Dilemas da prática missionária
Carlos
Eduardo Calvani
Este texto é continuidade de uma
reflexão anterior na qual escrevi sobre algumas crises que vivenciamos na IEAB
– crise numérica; crise financeira; crise da Proclamação e crise da motivação.
(http://www.paroquiadainclusao.com/site/?p=13911 ).

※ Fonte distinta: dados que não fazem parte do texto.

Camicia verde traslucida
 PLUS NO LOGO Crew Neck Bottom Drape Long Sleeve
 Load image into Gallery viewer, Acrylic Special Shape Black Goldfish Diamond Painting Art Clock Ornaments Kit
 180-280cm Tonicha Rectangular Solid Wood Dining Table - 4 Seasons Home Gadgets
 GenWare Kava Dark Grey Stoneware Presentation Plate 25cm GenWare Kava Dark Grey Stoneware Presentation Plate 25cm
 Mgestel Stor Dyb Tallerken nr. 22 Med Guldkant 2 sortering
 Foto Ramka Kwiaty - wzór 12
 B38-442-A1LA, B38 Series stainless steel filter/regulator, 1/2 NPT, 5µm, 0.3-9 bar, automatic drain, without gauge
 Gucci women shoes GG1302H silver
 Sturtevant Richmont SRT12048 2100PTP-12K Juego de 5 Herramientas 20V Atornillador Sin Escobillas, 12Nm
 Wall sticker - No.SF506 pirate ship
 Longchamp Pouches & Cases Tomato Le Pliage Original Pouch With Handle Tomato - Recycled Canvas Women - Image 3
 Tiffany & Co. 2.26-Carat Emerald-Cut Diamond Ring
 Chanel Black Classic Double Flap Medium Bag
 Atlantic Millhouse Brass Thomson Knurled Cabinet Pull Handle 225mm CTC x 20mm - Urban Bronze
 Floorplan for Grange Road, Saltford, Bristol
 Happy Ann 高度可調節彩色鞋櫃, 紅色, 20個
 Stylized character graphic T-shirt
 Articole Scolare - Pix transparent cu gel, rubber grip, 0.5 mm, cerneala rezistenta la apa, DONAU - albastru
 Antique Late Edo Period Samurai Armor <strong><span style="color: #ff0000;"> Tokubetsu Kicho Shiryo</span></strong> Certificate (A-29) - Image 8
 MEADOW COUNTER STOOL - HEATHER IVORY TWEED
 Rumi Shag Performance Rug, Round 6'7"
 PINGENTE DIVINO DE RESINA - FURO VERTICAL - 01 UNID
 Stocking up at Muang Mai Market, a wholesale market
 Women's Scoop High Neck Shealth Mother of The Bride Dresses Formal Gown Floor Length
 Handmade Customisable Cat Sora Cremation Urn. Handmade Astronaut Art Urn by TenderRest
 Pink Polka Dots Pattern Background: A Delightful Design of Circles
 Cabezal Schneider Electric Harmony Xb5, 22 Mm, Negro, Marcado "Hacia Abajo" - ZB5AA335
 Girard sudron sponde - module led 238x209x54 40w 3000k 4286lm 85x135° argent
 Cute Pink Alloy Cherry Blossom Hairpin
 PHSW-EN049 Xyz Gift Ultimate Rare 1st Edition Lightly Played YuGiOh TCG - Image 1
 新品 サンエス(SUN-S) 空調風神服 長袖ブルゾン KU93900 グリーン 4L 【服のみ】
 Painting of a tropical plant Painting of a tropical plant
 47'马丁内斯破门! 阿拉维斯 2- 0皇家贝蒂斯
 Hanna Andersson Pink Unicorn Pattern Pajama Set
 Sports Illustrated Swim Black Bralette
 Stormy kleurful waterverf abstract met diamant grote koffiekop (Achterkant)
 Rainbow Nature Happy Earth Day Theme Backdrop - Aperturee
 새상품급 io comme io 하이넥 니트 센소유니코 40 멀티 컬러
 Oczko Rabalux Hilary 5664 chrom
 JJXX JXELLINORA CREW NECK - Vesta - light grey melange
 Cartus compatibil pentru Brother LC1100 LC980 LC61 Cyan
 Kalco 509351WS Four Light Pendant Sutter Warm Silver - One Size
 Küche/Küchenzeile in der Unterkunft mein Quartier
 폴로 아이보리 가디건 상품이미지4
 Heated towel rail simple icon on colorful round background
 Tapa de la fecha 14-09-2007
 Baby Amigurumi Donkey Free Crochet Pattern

Agora chegando ao final de um
período de três anos de iniciativa missionária em Campo Grande,
compartilho algumas reflexões que ocupam meus pensamentos no travesseiro e no
momento das orações.
Por que fazer missão? – No
texto anterior observamos que falta em nossa Igreja motivação e iniciativa para abrir
novas comunidades em lugares ainda não alcançados. Em alguns setores de nossa
Igreja ainda persiste uma noção de que missão visa batizar as pessoas e que, se
a maioria dos cidadãos brasileiros já é batizada na Igreja Romana ou em outra
igreja evangélica, não há necessidade de qualquer iniciativa para levar a
Igreja Episcopal Anglicana a esses lugares. Houve época em que a IEAB se
expandia no Brasil apenas pelo fenômeno das migrações. Quando uma ou duas
famílias episcopais mudavam para cidades em que não existia a Igreja,
solicitavam o acompanhamento pastoral para batismos, casamentos, confirmações e
cultos eventuais. Em muitas dessas regiões, outras pessoas eram atingidas por
esses momentos e acabam se integrando a nossas pequenas comunidades. A expansão
e crescimento da Igreja acontecia muito mais por milagre divino mesmo que
propriamente por iniciativas planejadas por parte da estrutura. A frase de uma
liderança eclesiástica nos anos 50 ainda parece estar viva para muitos: “o que
é que a Igreja Episcopal está fazendo no Brasil? Aqui não há espaço nem lugar
para nós. O Brasil já é católico…”
Mas essa é uma concepção errônea e
limitada de missão, pois a missão abrange presença, serviço, liturgia,
testemunho profético, etc. Os primeiros missionários episcopais-anglicanos que
vieram para o Brasil estavam imbuídos de um nobre ideal – sabiam, por
experiência própria, na América do Norte, que o campo religioso não é fechado e
que há pessoas que, mesmo tendo sido batizadas na Igreja Romana ou em outra
igreja evangélica, afastam-se e perdem os referenciais da fé. Os motivos podem
ser diversos – falta de educação cristã ou geralmente decepções na vivência
cristã. Contudo, muitas dessas pessoas estão abertas a propostas alternativas
de vivência da fé. O modo como a Igreja Episcopal apresenta o evangelho, com
seriedade, solenidade, compromisso social e sem moralismos apresenta-se como
uma alternativa muito interessante a várias pessoas.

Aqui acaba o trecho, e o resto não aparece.